NBER Working Paper, December 2020
The landscape of the U.S. healthcare industry is changing dramatically as healthcare providers expand both within and across markets. While federal antitrust agencies have mounted several challenges to same-market combinations, they have not challenged any non-horizontal affiliations - including vertical integration of providers along the value chain of production. The Clayton Act prohibits combinations that “substantially lessen” competition; few empirical studies have focused on whether this is the source of harm from vertical combinations. We examine whether hospitals that are vertically integrated with skilled nursing facilities (SNFs) lessen competition among SNFs by foreclosing rival SNFs from access to the most lucrative referrals.
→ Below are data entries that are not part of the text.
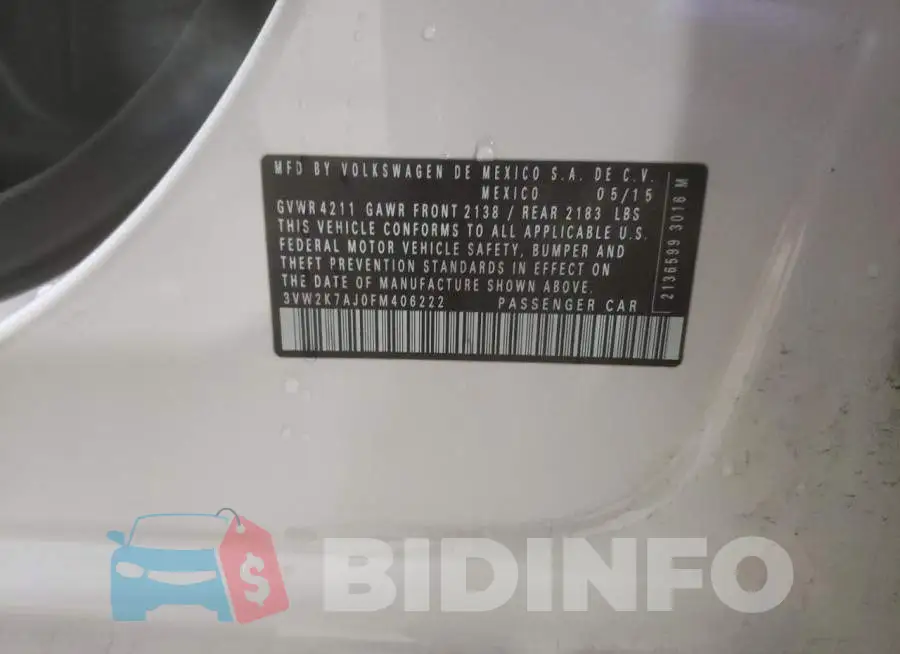 3VW2K7AJ0FM406222 Photo# 12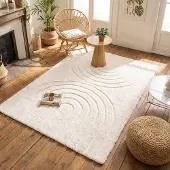 FRAAI Zacht hoogpolig vloerkleed - Carvy Arches Crème - 80x150cm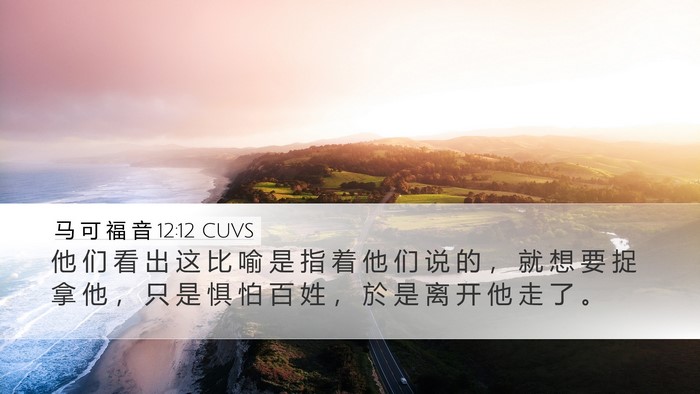 马 可 福 音 12:12 CUVS Bible Verse Image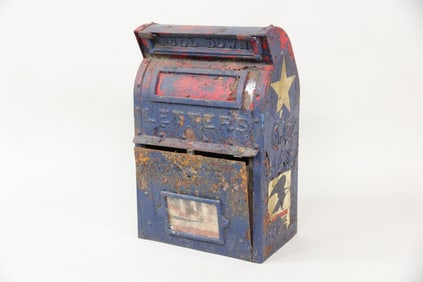 Red & Blue Painted Cast Iron US Mailbox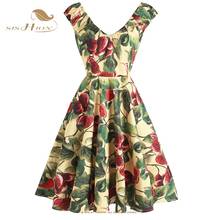 SISHION Floral Print V Neck Sexy Women Summer Dress vestidos VD1913 Short Sleeve Swing 50s 60s Retro Vintage Dresses 2024 - buy cheap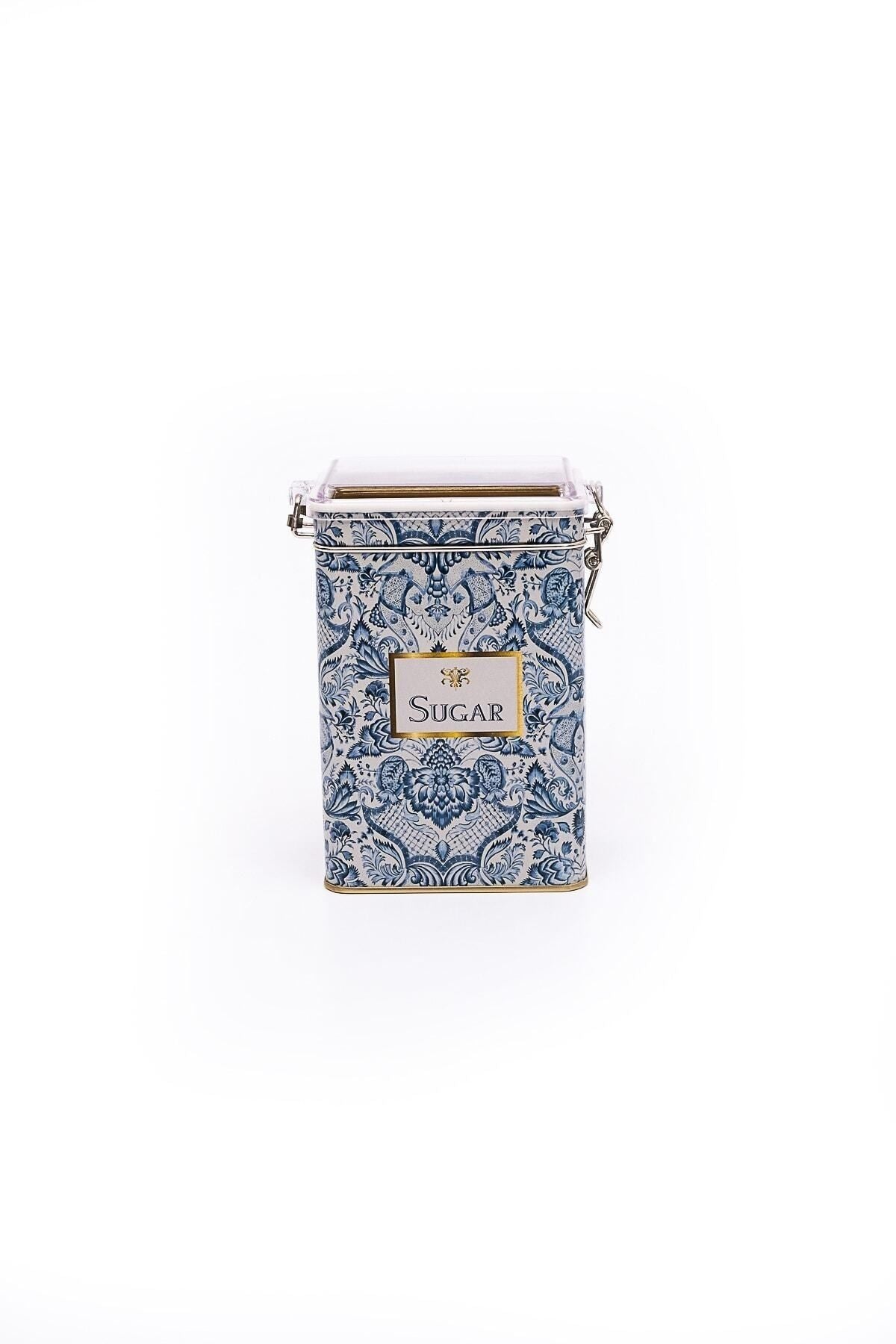Lisbon Sugar Desenli Şeffaf Kapaklı Metal Saklama Kabı, 7,5 x 10 x 15 cm, 1 lt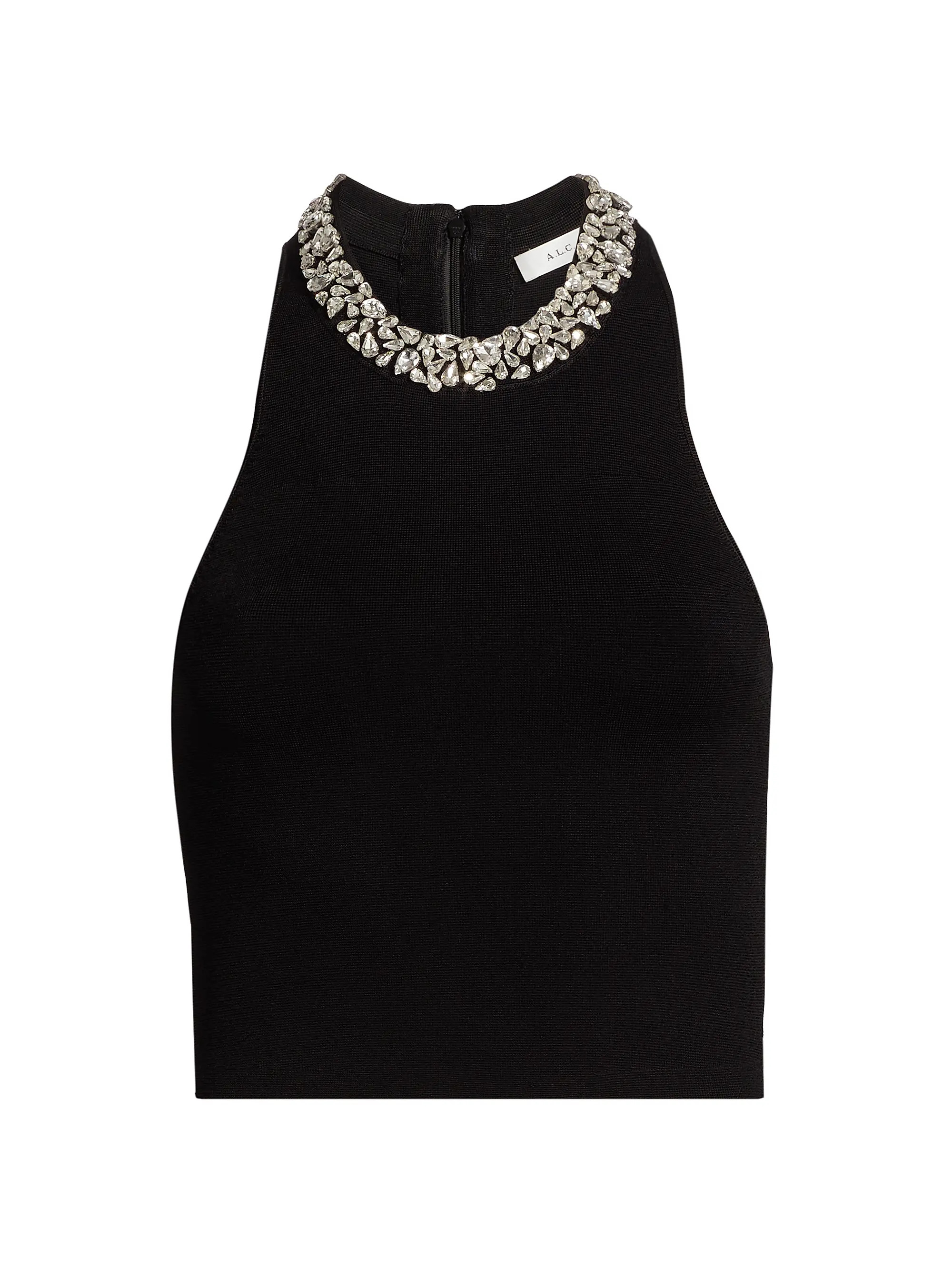 Bella Jeweled Knit Cropped Top | Saks Fifth Avenue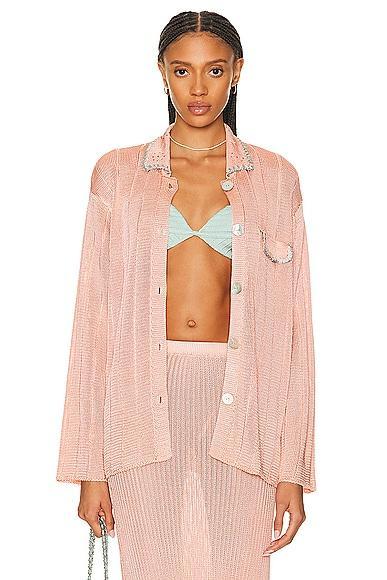 Calle Del Mar Long Sleeve Wide Rib Shirt in Pink Product Image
Exploiting a plausibly exogenous shock to Medicare reimbursement for SNFs, we find that a 1 percent increase in a patient’s expected profitability to a SNF increases the probability that a hospital self-refers that patient (i.e., to a co-owned SNF) by 2.5 percent. We find no evidence that increased self-referrals improve patient outcomes or change post-discharge Medicare spending. Additional analyses show that when integrated SNFs are divested by their parent hospitals, independent rivals are less likely to exit. Together, the results suggest vertical integration in this setting may reduce downstream competition without offsetting benefits to patients or payers.
Occupational Credentials and Job Qualities of Direct Care Workers: Implications for Labor Shortages
Journal of Labor Research, December 2020, Pages 403-420
Occupational training and credentialing requirements for direct care workers were in place for consumers’ health and safety, but their effects on job qualities and labor shortages in the direct care industry have been controversial. Using a nationally representative sample of psychiatric, nursing, and home health aides, a series of Average Treatment Effect models were analyzed to examine the effects of occupational credentials on various measures of job qualities. The findings revealed that credential-holding was related to higher annual earnings and increased probability of working full-time, year-round, and having access to employer-provided health insurance and retirement savings plans. The positive effects, however, were modest in size and suggested that, given the current wage and benefit levels for direct care workers, training and credential requirements cannot be the key to resolving job quality and labor shortage issues in the direct care industry. Implications of these findings and alternative ways to address the issues were discussed.
Robots and Labor in the Service Sector: Evidence from Nursing Homes
Karen Eggleston, Yong Suk Lee & Toshiaki Iizuka
NBER Working Paper, January 2021
In one of the first studies of service sector robotics using establishment-level data, we study the impact of robots on staffing in Japanese nursing homes, using geographic variation in robot subsidies as an instrumental variable. We find that robot adoption increases employment by augmenting the number of care workers and nurses on flexible employment contracts, and decreases difficulty in staff retention. Robot adoption also reduces the monthly wages of regular nurses, consistent with reduced burden of care. Our findings suggest that the impact of robots may not be detrimental to labor and may remedy challenges posed by rapidly aging populations.